2. L’ISO 19650 impose-t-elle une plateforme CDE spécifique (ex: ACC, Trimble Connect…) ?
Non. La norme ISO 19650 définit les principes fonctionnels et organisationnels qu’un CDE doit respecter (gestion des statuts WIP/SHARED/PUBLISHED/ARCHIVE, workflows, permissions, traçabilité…). Elle ne recommande ni n’impose aucune solution logicielle particulière. Le choix de la plateforme doit se faire en fonction de sa capacité à implémenter ces principes.
3. Que faire si un partenaire important refuse d’utiliser le CDE unique du projet ?
Cette situation doit être anticipée et gérée contractuellement via le BEP. Il faut d’abord comprendre les raisons du refus (formation, coût, technique ?) et tenter de trouver une solution. Si le refus persiste, il faut rappeler les obligations contractuelles et les risques encourus par le projet du fait de cette non-conformité. Cela peut nécessiter une médiation ou une décision du Maître d’Ouvrage.
4. Peut-on considérer SharePoint ou Dropbox comme un CDE conforme ISO 19650 ?
Généralement, non.
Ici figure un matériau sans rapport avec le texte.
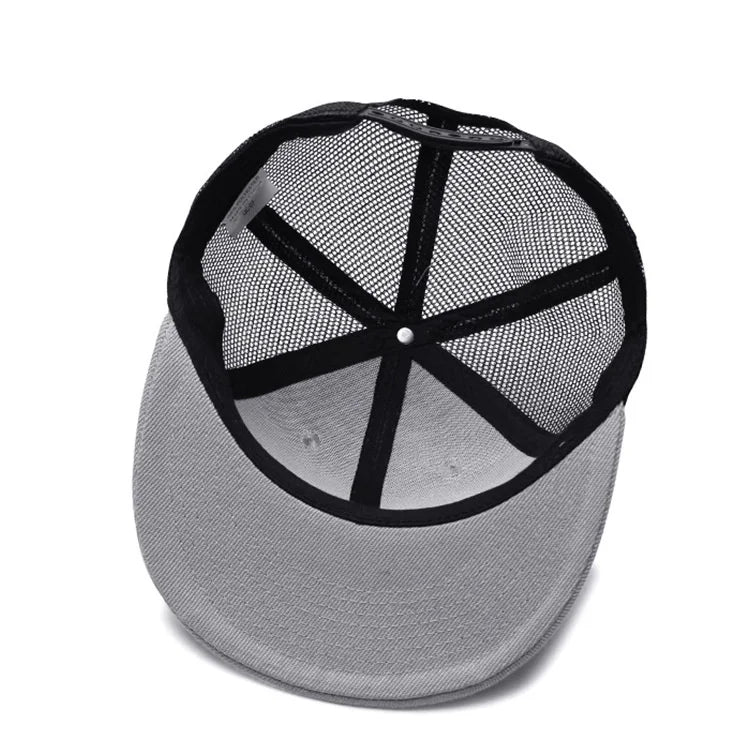 Adult Solid Color Flat Brim Mesh Snapback Cap Men Woman Hiphop Plain Baseball Hat  55-60cm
Si ces outils sont utiles pour le stockage et le partage simple de fichiers, ils manquent nativement des fonctionnalités essentielles requises par l’ISO 19650, notamment la gestion structurée des statuts (WIP/SHARED/PUBLISHED), les workflows de validation complexes, et une gestion des permissions aussi fine et adaptée aux processus AEC que les CDE dédiés.
5. Qui est responsable de la mise en place et de la gestion du CDE unique ?
La responsabilité première de la définition des exigences et du choix du CDE incombe généralement au Maître d’Ouvrage (Appointing Party selon l’ISO 19650). La responsabilité de l’administration quotidienne, de la gestion des accès et du respect des processus définis dans le BEP est souvent déléguée à un BIM Manager ou à une équipe de gestion de l’information désignée (parfois au sein de l’équipe du Maître d’Œuvre ou de l’AMO BIM).
Et vous, quelle est votre expérience avec la multiplicité des CDE ? Pourquoi cette situation vous semble-t-elle si fréquente ? Quelles solutions avez-vous mises en place pour tendre vers un CDE unique efficace sur vos projets ISO 19650 ? Partagez vos témoignages et vos idées en commentaires !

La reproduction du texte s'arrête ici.